This study presents the first results of a continuous study of weight increase in newlyborn gazelles. The fawns are weighed, using scales when possible (i.e. before they are unable to be caught), beginning at age 24 hours. The graph shows the results for two species, the Arabian gazelle (Gazella gazella cora, formerly Gazella gazella arabica) and the Chinkara or Indian gazelle (Gazella dorcas bennetti).
Six fawns from the Arabian gazelle herd were weighed and two from the Chinkara group. These herds are maintained at Al Ain Zoo in captivity. All fawns were fed by the natural mothers, and the period during which weights were measured (the first 15 days of life) means that all fawns were still suckling milk.
The results, depicted on the graph, clearly show that growth rates in both species is very rapid. Although the individual animals are not marked on the graph, daily growth rates for these fawns were calculated.
|0.112 kg||0.108 kg|
These figures should not be taken as markedly accurate, as information is sparse at the present time. However, they do show a wide "ariation in the daily weight gain by neonatal gazelles.

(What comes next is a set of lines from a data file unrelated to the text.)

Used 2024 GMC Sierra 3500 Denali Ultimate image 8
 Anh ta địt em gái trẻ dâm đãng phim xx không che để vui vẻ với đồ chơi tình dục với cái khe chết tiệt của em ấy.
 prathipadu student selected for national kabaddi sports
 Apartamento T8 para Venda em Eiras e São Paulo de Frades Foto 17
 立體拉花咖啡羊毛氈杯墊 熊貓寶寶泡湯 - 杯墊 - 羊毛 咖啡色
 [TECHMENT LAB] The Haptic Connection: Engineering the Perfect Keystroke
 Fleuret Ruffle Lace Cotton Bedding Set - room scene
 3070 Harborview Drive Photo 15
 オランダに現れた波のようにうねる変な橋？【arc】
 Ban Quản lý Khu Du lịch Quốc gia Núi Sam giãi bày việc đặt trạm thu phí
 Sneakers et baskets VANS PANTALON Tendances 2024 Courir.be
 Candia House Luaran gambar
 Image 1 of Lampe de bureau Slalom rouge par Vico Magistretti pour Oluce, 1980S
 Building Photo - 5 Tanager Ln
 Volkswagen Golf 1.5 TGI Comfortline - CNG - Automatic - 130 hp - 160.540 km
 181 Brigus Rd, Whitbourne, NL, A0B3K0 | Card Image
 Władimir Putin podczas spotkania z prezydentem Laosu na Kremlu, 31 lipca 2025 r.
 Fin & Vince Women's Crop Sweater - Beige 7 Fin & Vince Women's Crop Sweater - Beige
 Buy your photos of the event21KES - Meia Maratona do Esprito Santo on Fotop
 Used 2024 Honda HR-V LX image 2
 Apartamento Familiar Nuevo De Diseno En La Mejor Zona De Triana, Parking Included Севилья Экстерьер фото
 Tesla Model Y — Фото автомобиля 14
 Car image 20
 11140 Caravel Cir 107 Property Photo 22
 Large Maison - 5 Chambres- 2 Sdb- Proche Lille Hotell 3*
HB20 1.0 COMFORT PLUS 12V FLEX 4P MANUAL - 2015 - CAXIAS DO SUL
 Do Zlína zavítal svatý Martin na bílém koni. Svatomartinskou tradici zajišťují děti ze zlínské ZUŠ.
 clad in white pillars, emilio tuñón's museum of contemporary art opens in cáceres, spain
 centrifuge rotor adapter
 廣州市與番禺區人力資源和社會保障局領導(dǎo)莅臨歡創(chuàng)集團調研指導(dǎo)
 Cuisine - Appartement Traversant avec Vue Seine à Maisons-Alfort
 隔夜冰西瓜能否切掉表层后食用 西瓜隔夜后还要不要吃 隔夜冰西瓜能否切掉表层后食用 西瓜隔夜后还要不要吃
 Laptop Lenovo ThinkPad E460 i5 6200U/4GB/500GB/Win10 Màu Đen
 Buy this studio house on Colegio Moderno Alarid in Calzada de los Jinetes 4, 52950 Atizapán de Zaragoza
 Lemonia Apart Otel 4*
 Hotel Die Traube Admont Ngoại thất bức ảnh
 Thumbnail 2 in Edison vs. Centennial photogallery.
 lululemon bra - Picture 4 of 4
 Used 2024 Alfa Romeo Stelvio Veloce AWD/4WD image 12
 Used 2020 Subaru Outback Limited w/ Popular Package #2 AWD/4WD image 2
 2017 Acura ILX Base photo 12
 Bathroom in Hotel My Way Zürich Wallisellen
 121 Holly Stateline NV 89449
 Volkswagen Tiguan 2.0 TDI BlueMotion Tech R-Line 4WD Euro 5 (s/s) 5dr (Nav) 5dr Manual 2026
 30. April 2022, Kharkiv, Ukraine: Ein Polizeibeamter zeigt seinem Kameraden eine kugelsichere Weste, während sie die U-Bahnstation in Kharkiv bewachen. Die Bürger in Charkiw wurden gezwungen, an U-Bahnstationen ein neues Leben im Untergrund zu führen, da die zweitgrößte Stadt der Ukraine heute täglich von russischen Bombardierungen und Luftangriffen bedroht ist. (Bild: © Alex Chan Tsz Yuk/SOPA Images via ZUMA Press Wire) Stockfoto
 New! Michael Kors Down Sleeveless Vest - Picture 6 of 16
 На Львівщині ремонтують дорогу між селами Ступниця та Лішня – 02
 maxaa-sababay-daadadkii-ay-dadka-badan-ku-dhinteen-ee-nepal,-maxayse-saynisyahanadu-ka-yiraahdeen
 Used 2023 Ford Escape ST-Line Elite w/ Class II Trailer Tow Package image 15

Several reasons for this may be offered: human error in the weighing process resulting in false readings; variation in the time of day when the animals were measured resulting in some animals being weighed in the morning, after the night feed, and some in the late afternoon; and movement of the animal when on the scales makes accurate reading difficult.
The animal marked X on the graph thrived well for 5 days, then became ill and died suddenly, hence the loss in weight.
Chinkara are heavier gazelles than Arabian gazelles, and the differences in birth weight reflect this. Both Chinkara fawns were heavier at 24 hours than any of the Arabian gazelles. The rates of growth shown by the steepness of the lines on the graph for both Chinkara and the two Arabian gazelles which were weighed for more than 7 days are very similar.
The results presented here are the first such for both of these species, either in captivity or in the wild. Results from wild gazelles may indicate that growth is less rapid due to adverse environmental conditions which may affect the health of the mother, but there is no information about this available. The study will be updated when sufficient information has been collected.